Lantas setelah itu, bagaimana?
Cerita kesulitan para siswa di sana, ternyata menggugah hati seorang pria berkebangsaan Swiss bernama Toni Ruttimann. Dengan sukarela, ia datang ke lokasi dan membangun jembatan rusak tersebut. Kini risiko nyawa melayang saat hendak pergi ke sekolah, tidak mengintai lagi anak-anak di SD Sanghiang, Lebak – Banten.
Toni Ruttimann ternyata tidak hanya membangun jembatan rusak di Sanghiang, Lebak.
Sosiolog sekaligus dosen FISIP Universitas Indonesia, Imam B Prasodjo melalui akun Facebooknya menceritakan perjuangan Toni Ruttimann membangun jembatan-jembatan kecil di Indonesia agar masyarakat di daerah terpencil tidak lagi kesulitan akses jalan.
Menurut Imam, Toni Ruttimann diam-diam sudah tiga tahun keluar masuk kampung wilayah terpencil di Indonesia, mengajak warga bergotong royong membangun jembatan gantung sendiri karena akses jalan terputus.
“Toni datang ke negeri kita karena ia melihat begitu banyak anak-anak di negeri ini bergelantungan harus pergi sekolah menyeberangi sungai dengan jembatan yang rusak. Karena keadaan ini, Toni Ruttiman datang ke negeri kita,” tulis Imam.
IMAM menulis, untuk membuat sebuah jembatan, Toni mengumpulkan bahan-bahan jembatan gantung dari negerinya Swiss. Dia mengupayakan bantuan pipa dari perusahaan ternama yang pemiliknya ia kenal baik (seperti Tenaris) agar bersedia mengirim bantuan pipa tiang jembatan dari Argentina ke Indonesia.
Toni juga merekrut beberapa tenaga kerja Indonesia untuk dijadikan stafnya agar membantu semua upaya ini. “Saat ini seorang pemuda bernama Suntana, dengan setia membantu misi kemanusiaan Toni yang tengah ia jalankan,” tulis Imam lagi.

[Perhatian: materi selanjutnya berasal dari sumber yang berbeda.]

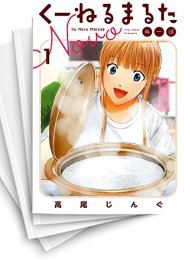 [中古]くーねるまるた ぬーぼ (1-19巻)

Dengan cara diam-diam, kini Toni Ruttiman telah berhasil memasang 61 jembatan gantung di berbagai daerah termasuk Banten, Jabar, Jateng, Jatim, dan bahkan hingga Sulawesi, Maluku Utara dan NTT.
Namun menurut Imam, upaya itu tidak mudah. Pengiriman bantuan malah terhambat. Bantuan bahan jembatan seperti wirerope (kabel pancang) yang selama tiga tahun telah secara rutin ia kirim dari Swiss terhambat oleh lambannya birokrasi.
Padahal Menurut Imam, Presiden Jokowi justru tengah keras-kerasnya mendorong agar arus barang impor lancar. Namun kenyataannya sangat lamban.
“Saya yang ikut terlibat dan mengikuti betapa sulitnya mengurus proses administrasi import barang bantuan ini merasa kesal menghadapi birokrasi yang begitu ruwet dan lambat ini, walaupun untuk import barang bantuan sekalipun,” ucap Imam.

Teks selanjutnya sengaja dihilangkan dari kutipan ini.